Tod und Mâdchen isimli tablosunu 1915’te yapmıştır. Wally’den ayrılıp, Edith ile evlendiği dönemde yaptığı bu resimde erkek ölüm figüründe kendini, karşısındaki genç kız motifinde ise Wally’yi tasvir eder (Ölüm ve Genç Kız).
Bu resimde hayatının en depresif ve bunalımlı günlerini çok iyi anlatmıştır. Çizdiği insan figürleri hastalıklı, bunalımlı, yoksul ve kederlidir. Belki de bu resmi hayatının dönüm noktası olmuştur. Aynı isim altında 2016 yılında Egon Schiele’nin hayatı “Tod and Mâdchen” filmi ile beyaz perdeye aktarılmıştır.

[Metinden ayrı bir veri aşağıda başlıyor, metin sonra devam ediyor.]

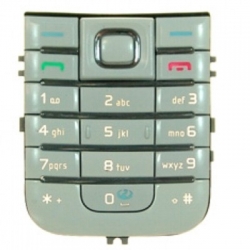 Klávesnice Nokia 6233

I. Dünya Savaşının son yıllarında, savaşın her türlü zorluklarına rağmen Schiele sergiler açar, resimlerini satar iyi para kazanır ve eşiyle lüks bir hayat yaşamaya başlar.
1918 yılında 49. Secession için açılacak sergiye baş ressam olarak seçilir. Ve serginin duyuru posterini kendisi hazırlar. Bu posterde İsa’nın son akşam yemeği tasvir edilmiştir. Bu dönemde narsist duygularına yenik düşerek İsa’nın yerine kendini koymuştur.
Savaştan sonra da çok aranan ve resimleri çok satan bir ressam olmuştur. Fakat 28 Ekim 1918’de eşi Edith 6 aylık hamile iken yakalandığı İspanyol gribine yenik düşer ve ölür. 3 gün sonra da aynı hastalıktan Egon Schiele 28 yaşında bu dünyaya veda eder.
Çok kısa hayatına çok şeyler sığdırmıştır ve genç yaşında dünyaca ünlü bir ressam olmayı başarmıştır. Ardında 3000’den fazla çizim, 300’e yakın tablo bırakmıştır. Kendine özgü bir estetik anlayışı vardır. Yapmış olduğu insan figürleri ve otoportrelerinde bunu çok iyi gözlemleyebiliyoruz.
Bunlar belki Avusturya burjuvazisine bir başkaldırıydı, belki insanoğlunun hiç bilemeyeceğimiz iç dünyasının apaçık dışavurumuydu. yani yalın gerçeklerdi. İlk bakışta eserleri ile ilgili olarak psikolojik anlamda farklı düşünceler içinde olabiliriz. Fakat daha dikkatli incelediğimizde resimlerinde çok anlamlı bir derinliğin olduğunu görürüz. İşte bu farktır 28 yaşında bu dünyadan ayrılmasına rağmen O’nu Egon Schiele yapan.